The theory of central simple algebras says that if $A$ is finite dimensional central simple over a field $L$, then its dimension over $L$ is a square $n^2$, and there is a unit preserving $L$-algebra embedding into $M_n(k)$ for some extension field $k$ of $L$.
Combining this theory with Posner's theorem gives:  A ring $R$ (with unit) is a prime PI-ring if and only if there is a field $k$, an integer $n$, and a unit preserving ring 
embedding $R \to M_n(k)$ such that $kR = M_n(k)$, where $R$ is identified with its image in $M_n(k)$.
The field $k$ is not unique, but the integer $n$ is.  It is called the PI-degree of $R$.
Thus your hypothesis:  "$R$ is a subring of $S = M_2(k)$, where $k$ is a field, $S = kR$, and $1_R = 1_S$", implies that $R$ is a prime PI-ring of PI-degree 2.
One result showing that a prime PI-ring is close to being a finite module over its center is a theorem of mine (p. 174 in Drensky-Formanek, "Polynomial Identity Rings"):  If $R$ is a prime PI-ring of PI-degree $n$ with center $C$, then there is a $C$-module embedding of $R$ into a free $C$-module of rank $n^2$.

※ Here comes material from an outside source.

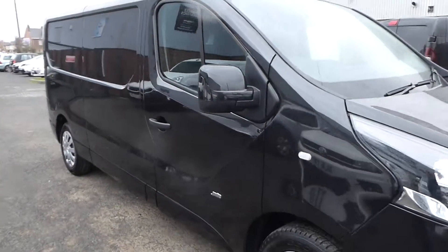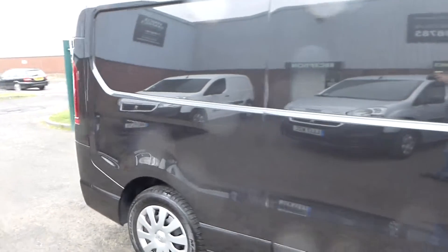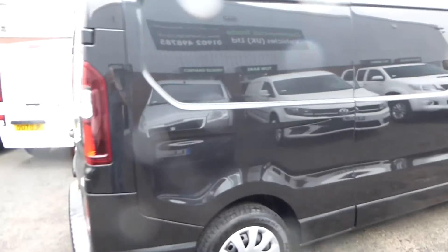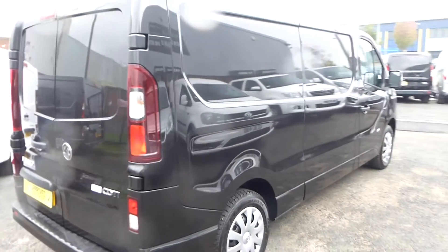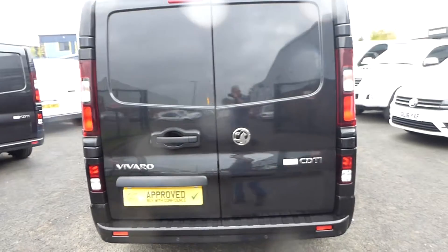Hi from Commercial Trade Vehicles. This is the long wheelbase Boxe Ubi Viro we have for sale. The vehicle is in black and is a sportive edition, which includes extra body stylings on the wheels and colour-coded bumpers and trims.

As for your question, there is an example due to Cauchon (p. 228 in Rowen, "Polynomial Identities in Ring Theory") of a Noetherian prime PI-ring of PI-degree 2 which is not a finite module over its center.  Cauchon also proved that if a prime PI-ring has the ascending chain condition on two-sided ideals, then it has the ascending chain condition on left and right ideals.  In other words, left Noetherian, right Noetherian, and ACC on two-sided ideals are equivalent for prime PI-rings.